# Optimize my manual generator setup?



## Robh (Aug 19, 2019)

This is kind of long...

I lost power the other day here in Ohio for just a couple hours. Fortunately it's summer. However when it's snowing outside my manual of arms is quite labor intrusive. I need some help optimizing my setup.

I have a Honda EU2200i (for now) with a propane conversion and keep it in the garage. When my power goes out, I move it from the garage, through the house and sun room, to my backyard. Then I get a propane tank I store behing a shed in my backyard, grab all the various connectors, connect the propane tank, run a cable from the generator to my 30A inlet on the side of the house and fire up the generator. Before that, I turn off the mains on my electrical panel and turn ON the 30A circuit which feeds from my generator. I have an interlock kit on my panel. (I manually decide which circuits to keep on - all that is fine)

On a pleasant day, this is fun. If it was not a nice day, or raining, or snowing, or 2:00am in the morning, it would not be.

I don't think I can eliminate all those steps, but perhaps the "moving around" bit can be optimized. The reason I do all this is because I'm a bit paranoid, and perhaps unnecessarily so, about keeping the generator outside or the propane tanks near my house.

For the pictures referenced below:
1) Supply and return vents for my home HVAC. I have central heating and A/C.
2) 30A inlet I had installed.
3) Where I usually put my generator with the exhaust pointing (downward) to the backyard
4) Where I was thinking of putting a small resin shed to keep the generator AND propane tanks, IF prudent, which is why I'm writing this.



















Questions:

1. So before everyone got past point #2, I'm sure y'all thought the same thing I did. Would it be a good idea to have my generator on that rock bed next to my A/C intake? Is it sufficient to point the exhaust away from those and have it be okay? Mind I'm worried about the windows too. That's why I typically put my generator on location #3 and run a cable to the intlet.

2. If that is not a worry, then I might simply put one of those Suncast resin boxes next to my house and store everything there. But then I'd be worry about storing 20lb propane tanks near my house instead of near my shed about 50' away.

3. Location #4 is where I was thinking of putting a small horizontal shed to store all the pieces parts. It's near my sunroom, but not quite a living area. How far do propane tanks need to be away from the house?

At least this way I can have everything in one spot, but I'm not sure if its a good idea.

How hot do those plastic sheds get? Keeping propane tanks in them would be bad if they heat up.

How hard is it on the generator to remove it from a warmer garage to leave in the elements (both hot and cold) year round?

For the shed that I buy, I am not planning on making any modifications, unless it's just cutting a couple vents to let out heat during storage. I would pull the generator out or open the doors before running it.

Would it be better to build a wooden shed since it doesn't retain heat?
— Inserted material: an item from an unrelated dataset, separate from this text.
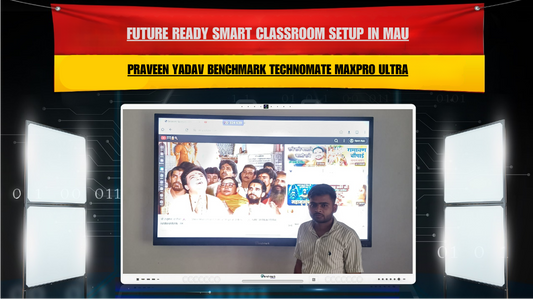 Mau, Uttar Pradesh में Benchmark Technomate MaxPro Ultra Android 14 (75 Inch) Installation Success Story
I'm not good at that, but could probably find someone to do it. That wouldn't help with the cold winter on the generator, but it would help with the hot summer on the propane tanks.

Any other ideas? I am not looking for a totally automated setup, just reducing the amount of steps.


----------



## iowagold (Jan 22, 2020)

yup rough location at the least...
how about running safe lines under ground?
and you could use a electric remote valve for the tank cracker (second valve to open fuel at the tank side)
yea lp tanks vent in heat...
those sun sheds get warm in the sun!
vents and insulation would help some.
just remember not to trap LP in an enclosed space.
it likes to go BOOM when trapped / enclosed....
think potato gun!
not too much spark will set it off.


----------



## Robh (Aug 19, 2019)

It doesn't look like I can do anything then.


----------



## iowagold (Jan 22, 2020)

question what is the furnace and hot water heaters fuel?


----------



## drmerdp (Apr 10, 2018)

I’m all for an enclosure to house the generator and propane tank(s). As far as the location goes, you have a lot of windows in that location. I’d like to see the enclosure in a space that’s away from the house or at least 5 feet from and windows or doors.


----------



## Robh (Aug 19, 2019)

iowagold said:


> question what is the furnace and hot water heaters fuel?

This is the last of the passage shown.